Forty-five years ago, the expectations of China and the U.S. were symmetrical. The expectations underlying the nuclear agreement with Iran are not. Tehran will gain its principal objectives at the beginning of the implementation of the accord. America’s benefits reside in a promise of Iranian conduct over a period of time. The opening to China was based on an immediate and observable adjustment in Chinese policy, not on an expectation of a fundamental change in China’s domestic system. The optimistic hypothesis on Iran postulates that Tehran’s revolutionary fervor will dissipate as its economic and cultural interactions with the outside world increase.

American policy runs the risk of feeding suspicion rather than abating it. Its challenge is that two rigid and apocalyptic blocs are confronting each other: a Sunni bloc consisting of Egypt, Jordan, Saudi Arabia and the Gulf States; and the Shiite bloc comprising Iran, the Shiite sector of Iraq with Baghdad as its capital, the Shiite south of Lebanon under Hezbollah control facing Israel, and the Houthi portion of Yemen, completing the encirclement of the Sunni world. In these circumstances, the traditional adage that the enemy of your enemy can be treated as your friend no longer applies. For in the contemporary Middle East, it is likely that the enemy of your enemy remains your enemy.

A great deal depends on how the parties interpret recent events. Can the disillusionment of some of our Sunni allies be mitigated? How will Iran’s leaders interpret the nuclear accord once implemented—as a near-escape from potential disaster counseling a more moderate course, returning Iran to an international order? Or as a victory in which they have achieved their essential aims against the opposition of the U.N. Security Council, having ignored American threats and, hence, as an incentive to continue Tehran’s dual approach as both a legitimate state and a nonstate movement challenging the international order?

Two-power systems are prone to confrontation, as was demonstrated in Europe in the run-up to World War I. Even with traditional weapons technology, to sustain a balance of power between two rigid blocs requires an extraordinary ability to assess the real and potential balance of forces, to understand the accumulation of nuances that might affect this balance, and to act decisively to restore it whenever it deviates from equilibrium—qualities not heretofore demanded of an America sheltered behind two great oceans.

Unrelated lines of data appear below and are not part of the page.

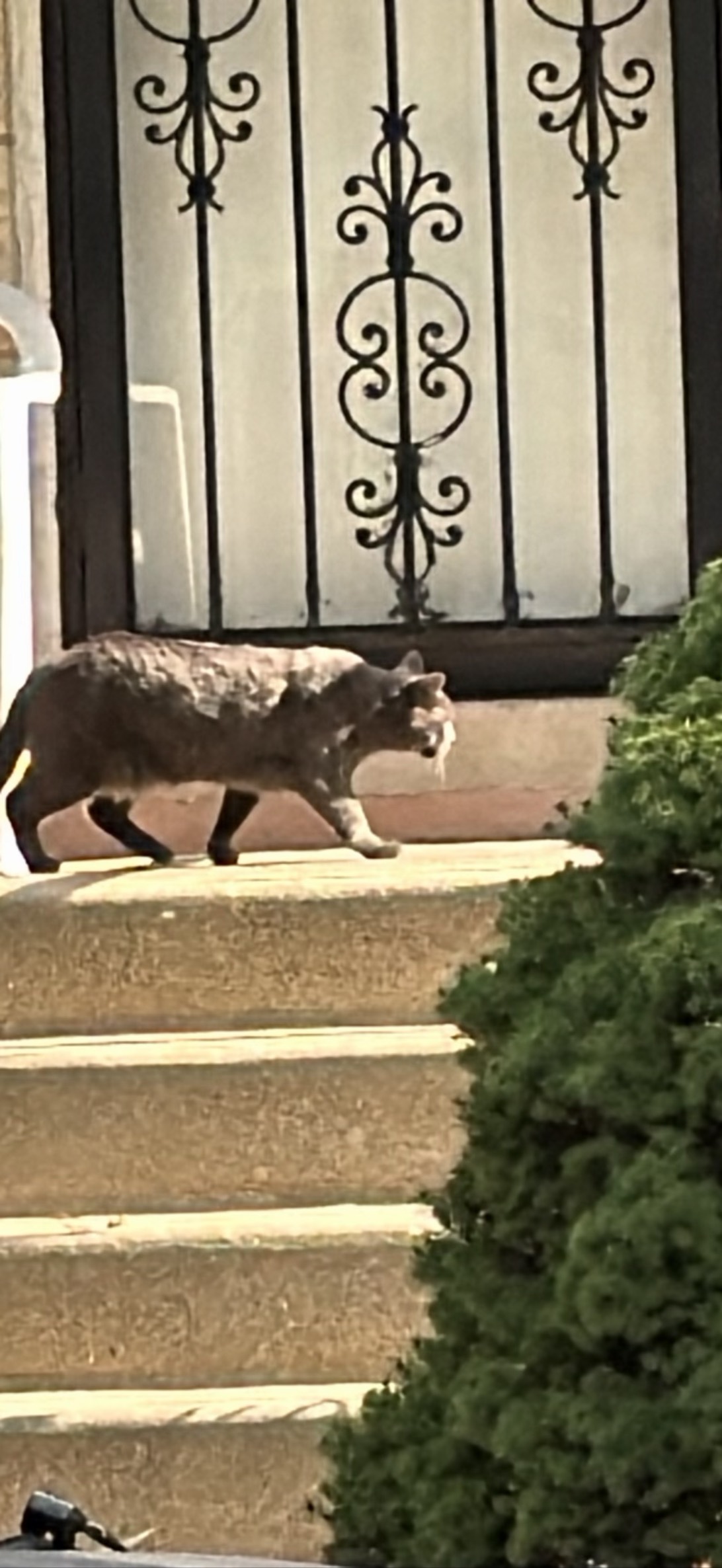 Peter, a cat found on Chonk Finder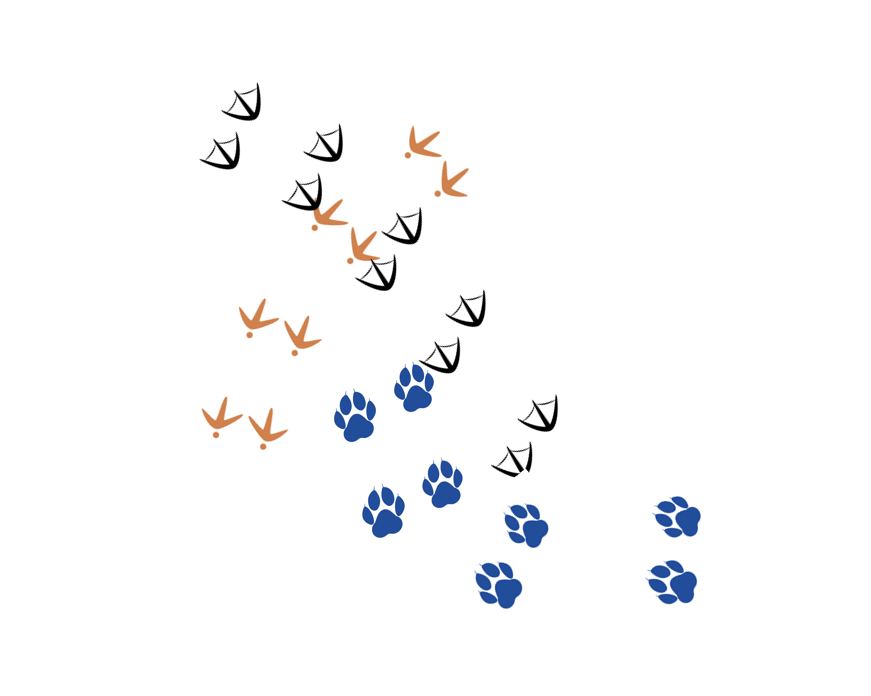 One-way Analysis of Variance (ANOVA) with Python - Analytics Vidhya ...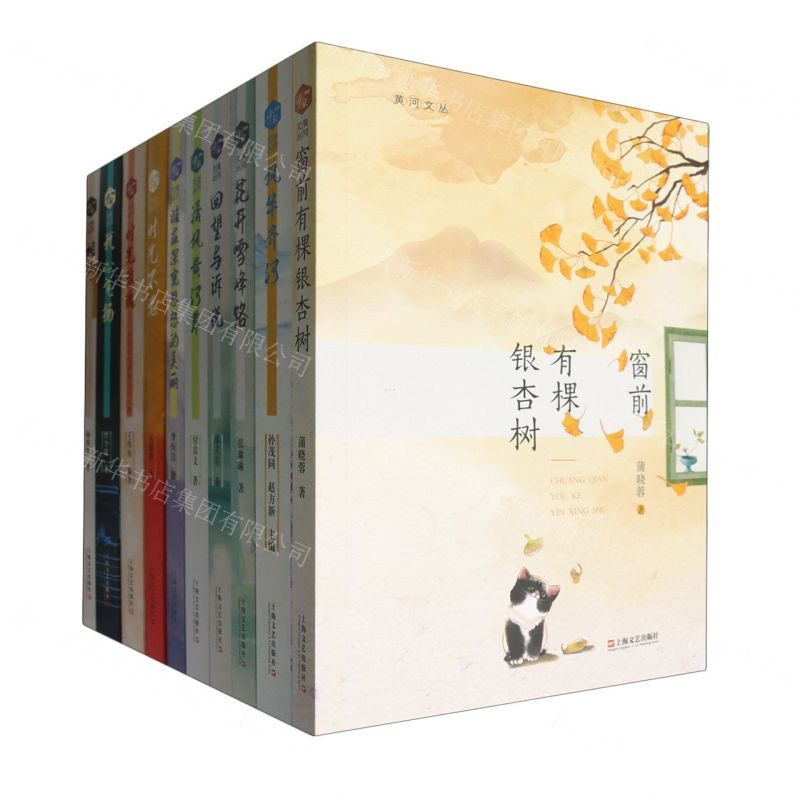 [N]黄河文丛(共10册)-9787532189472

But the current crisis is taking place in a world of nontraditional nuclear and cyber technology. As competing regional powers strive for comparable threshold capacity, the nonproliferation regime in the Middle East may crumble. If nuclear weapons become established, a catastrophic outcome is nearly inevitable. A strategy of pre-emption is inherent in the nuclear technology. The U.S. must be determined to prevent such an outcome and apply the principle of nonproliferation to all nuclear aspirants in the region.
Too much of our public debate deals with tactical expedients. What we need is a strategic concept and to establish priorities on the following principles:

• So long as ISIS survives and remains in control of a geographically defined territory, it will compound all Middle East tensions. Threatening all sides and projecting its goals beyond the region, it freezes existing positions or tempts outside efforts to achieve imperial jihadist designs. The destruction of ISIS is more urgent than the overthrow of Bashar Assad, who has already lost over half of the area he once controlled. Making sure that this territory does not become a permanent terrorist haven must have precedence. The current inconclusive U.S. military effort risks serving as a recruitment vehicle for ISIS as having stood up to American might.

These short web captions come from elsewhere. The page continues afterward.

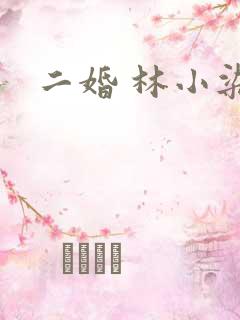 二婚 林小染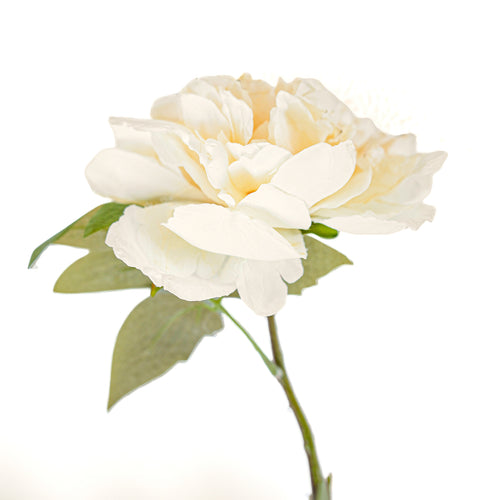 Pivoine sur tige - Crème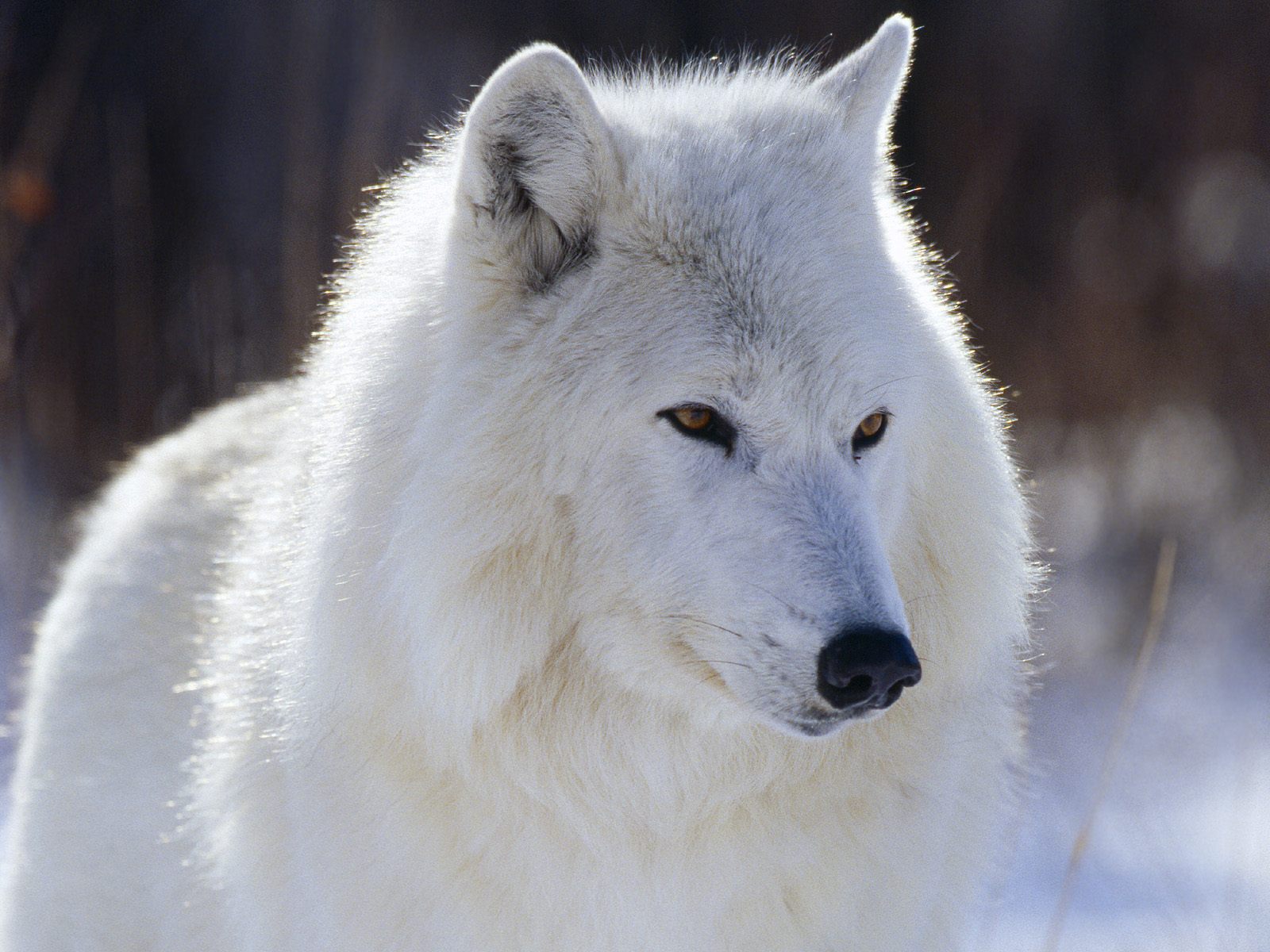 я злой и страшный белый волк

• The U.S. has already acquiesced in a Russian military role. Painful as this is to the architects of the 1973 system, attention in the Middle East must remain focused on essentials. And there exist compatible objectives. In a choice among strategies, it is preferable for ISIS-held territory to be reconquered either by moderate Sunni forces or outside powers than by Iranian jihadist or imperial forces. For Russia, limiting its military role to the anti-ISIS campaign may avoid a return to Cold War conditions with the U.S.

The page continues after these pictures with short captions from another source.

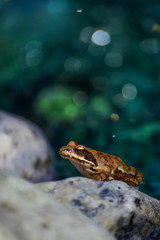 Frog in the pond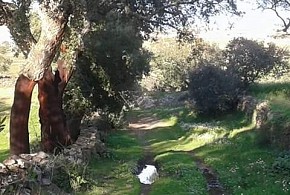 CASA LOREN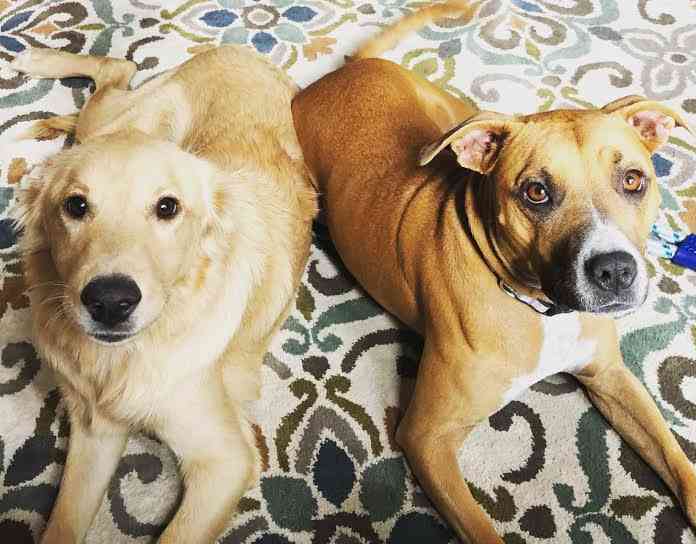 View Ad: Boxer-Golden Retriever Mix Dog for Adoption near ...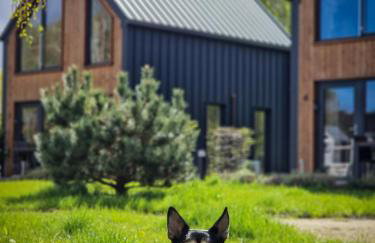 Domki w Naturze - Foto 76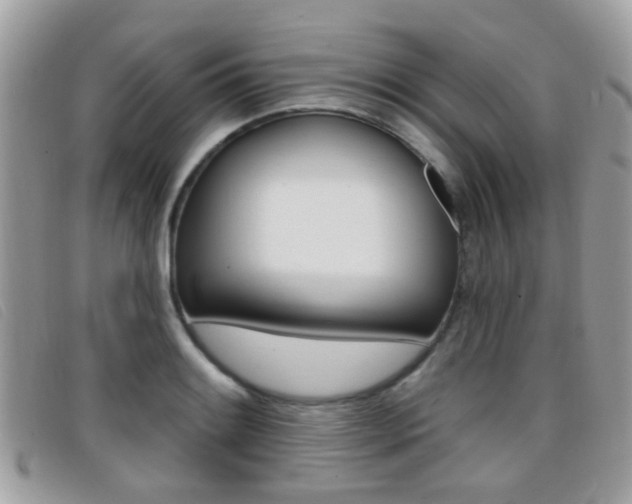 X0000096711084200802051032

• The reconquered territories should be restored to the local Sunni rule that existed there before the disintegration of both Iraqi and Syrian sovereignty. The sovereign states of the Arabian Peninsula, as well as Egypt and Jordan, should play a principal role in that evolution. After the resolution of its constitutional crisis, Turkey could contribute creatively to such a process.

• As the terrorist region is being dismantled and brought under nonradical political control, the future of the Syrian state should be dealt with concurrently. A federal structure could then be built between the Alawite and Sunni portions. If the Alawite regions become part of a Syrian federal system, a context will exist for the role of Mr. Assad, which reduces the risks of genocide or chaos leading to terrorist triumph.

• The U.S. role in such a Middle East would be to implement the military assurances in the traditional Sunni states that the administration promised during the debate on the Iranian nuclear agreement, and which its critics have demanded.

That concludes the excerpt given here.